On desktop, a sponsored ad receives an impression each time the ad’s page is loaded; however, consistency is the key. In order to get an accurate feel of impressions, we would need to have PPC access for a product running sponsored ads on the first page of each keyword, all day (doesn’t run out of budget), every single day (whole month). One search can also be counted as multiple impressions as users click in and out of listings, sponsored products shown as suggested in detail pages, and add to cart pages, etc.

Having the necessary access to data is a significant challenge. We believe we have the world’s largest set of data next to Amazon, but even we don’t have the necessary data to use search impressions at scale as an accurate indicator of search volume.

PPC Bid Data As An Indication of Volume

We originally tossed around the idea of using suggested PPC bid cost as a proxy for search volume (the more searches, the more people bidding, the more expensive it is). One of the major hurdles here is that suggested CPC can range quite a bit depending on how relevant Amazon deems your product for the keyword. Meaning that Product A with a high relevance may have a suggested bid cost of $.50 per click, while the less relevant Product B may have a suggested CPC of $1.25.

Why Not Use Amazon Auto-Complete

Amazon autocomplete is an ancient technique of using the Amazon search bar suggestions as an indicator of popularity.

The previous thought has always been that the suggested words populate in order of search volume. This would mean that suggested keyword #1 has higher search volume than suggested keyword #2, which has higher volume than suggested keyword #3, and so forth.

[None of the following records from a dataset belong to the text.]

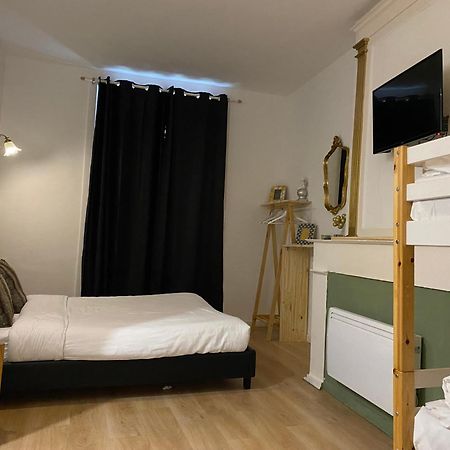 Home Saint Michel Понторсон Экстерьер фото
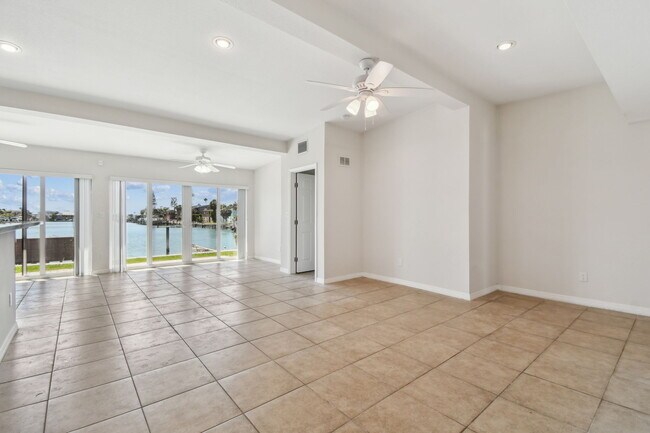 Building Photo - 345 Capri Blvd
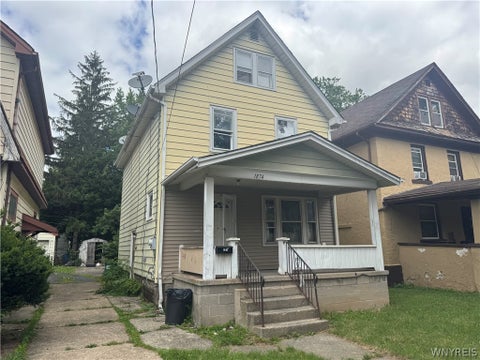 Homes For Sale - 1874 South Avenue<br/> Niagara County, Niagara Falls, NY 14305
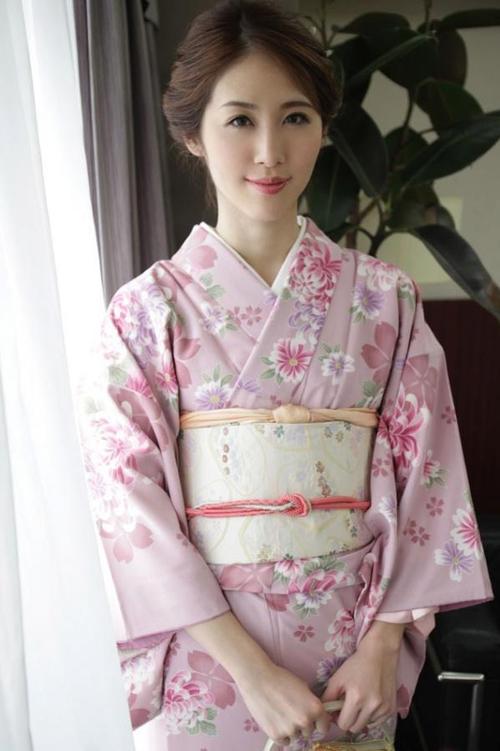 亚洲欧美成人人妻在线视频精选:高清画质、中文字幕与每日更新推荐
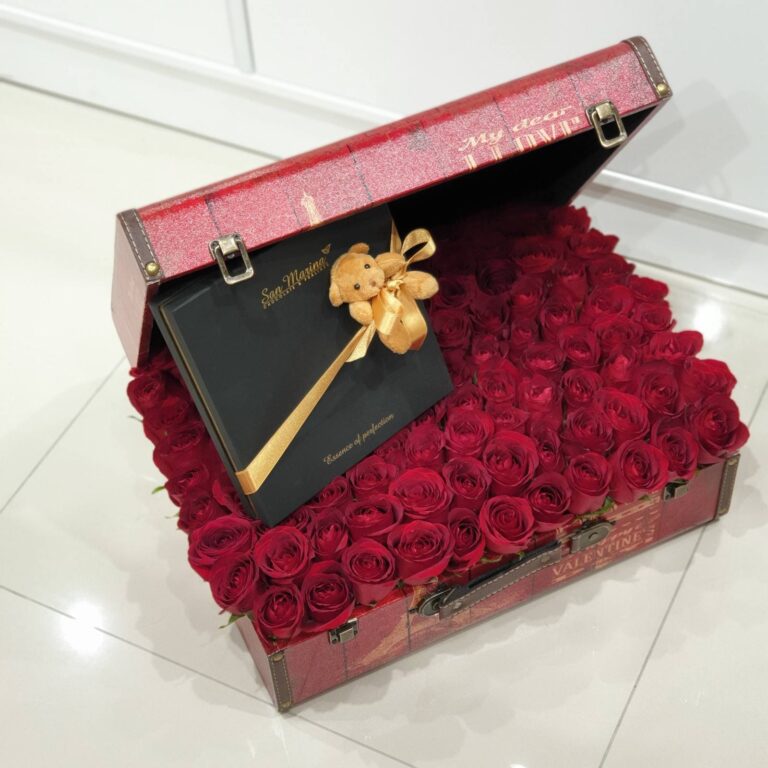 101 A rose in a suitcase - Delivery of flowers Belgrade - Provence Decor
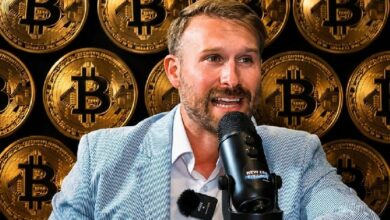 محلل بلومبرغ: "مستثمرو التجزئة يهربون من البيتكوين، بينما وول ستريت تخزنه بهدوء"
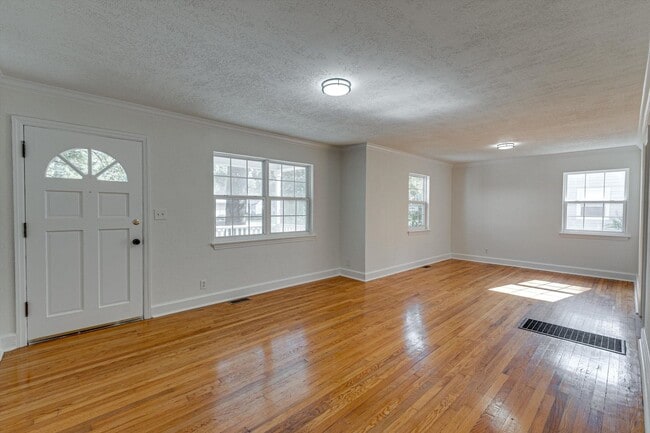 4910 Golfview Dr, Chattanooga, TN 37411 - photo 2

As we dove into the suggestions and worked to validate that Amazon was in-fact giving us suggestions in the order of highest searched keywords, we found that was not the case. In the example above, Amazon’s third suggestion is “fish oil for kids”, which has somewhere around 3,000 searches per month.

While Amazon’s fourth suggestion, which is “fish oil for dogs”, has a search volume of around 9,500 searches per month.

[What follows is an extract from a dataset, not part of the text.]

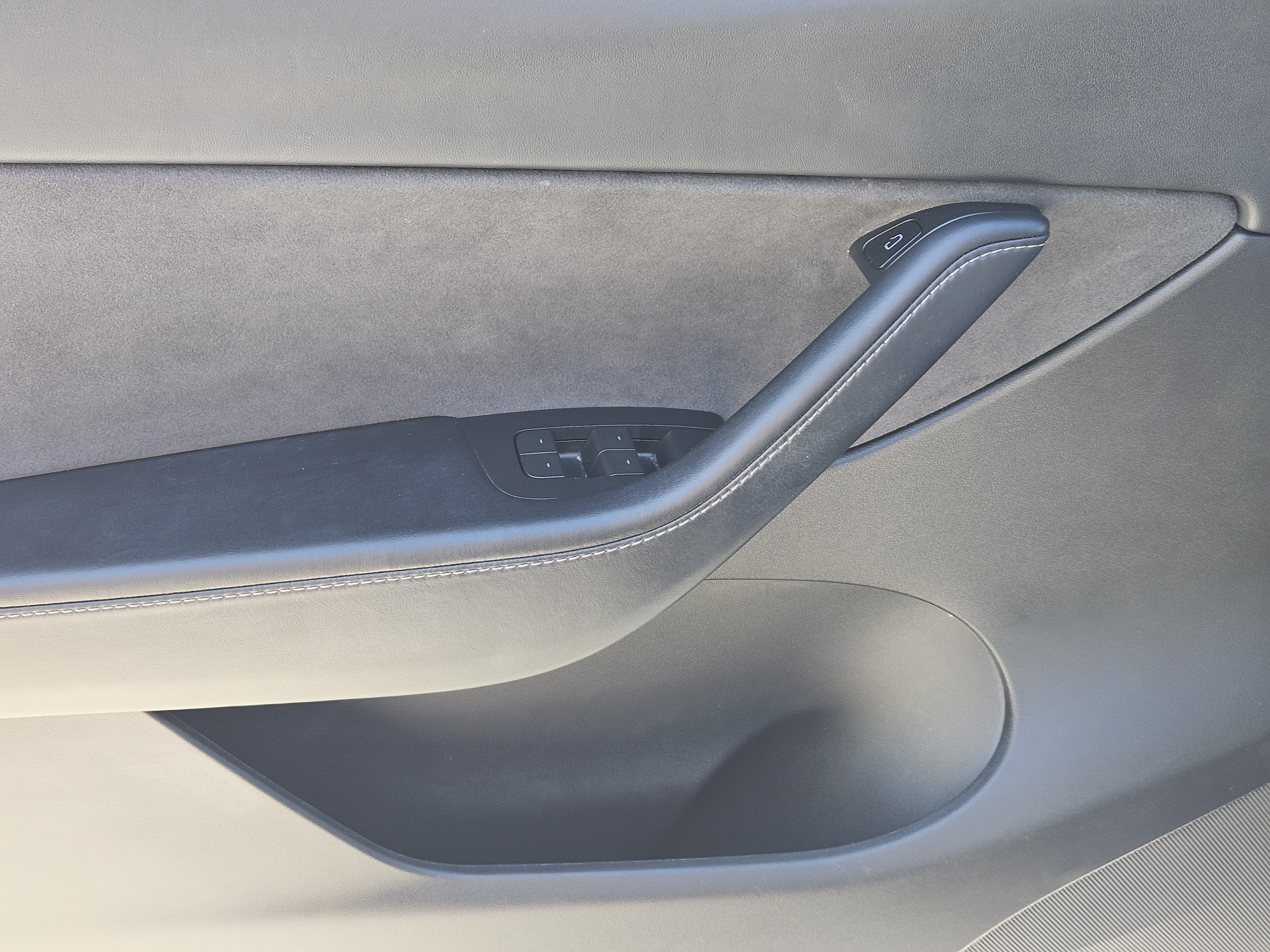 Used 2022 Tesla Model Y Long Range AWD/4WD image 20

We found countless other examples where Amazon was not suggesting keywords in the exact order.

Disappointing.

Deep Dive Summary

All in all, I hope this helps you understand some of the logic behind why we did not go with some of the seemingly most “obvious” metrics for our search volume estimation model. Again, transparency is crucial for us during this process!

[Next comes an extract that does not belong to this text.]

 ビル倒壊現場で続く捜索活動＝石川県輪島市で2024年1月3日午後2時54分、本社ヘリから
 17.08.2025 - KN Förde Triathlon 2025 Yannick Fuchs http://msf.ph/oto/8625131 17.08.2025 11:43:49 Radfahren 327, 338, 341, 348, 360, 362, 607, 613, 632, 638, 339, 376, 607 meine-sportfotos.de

We have undoubtedly been able to prove that our model is effective and accurate at predicting/forecasting/estimating search volume, leveraging our vast amounts of historical data.

If there is anything that you think we did not consider, or something we may have overlooked, we’d love to hear your thoughts and ideas! Again, our focus is on providing you the best data possible to make smart business decisions.

Now that we have a solution, let’s not focus on what has been, and let’s focus on the incredible opportunities that await us in 2019!

Excited to help you kill it this coming year. 🙂

Let us know what you think in the comments  below and feel free to share this post with any of the larger Amazon community!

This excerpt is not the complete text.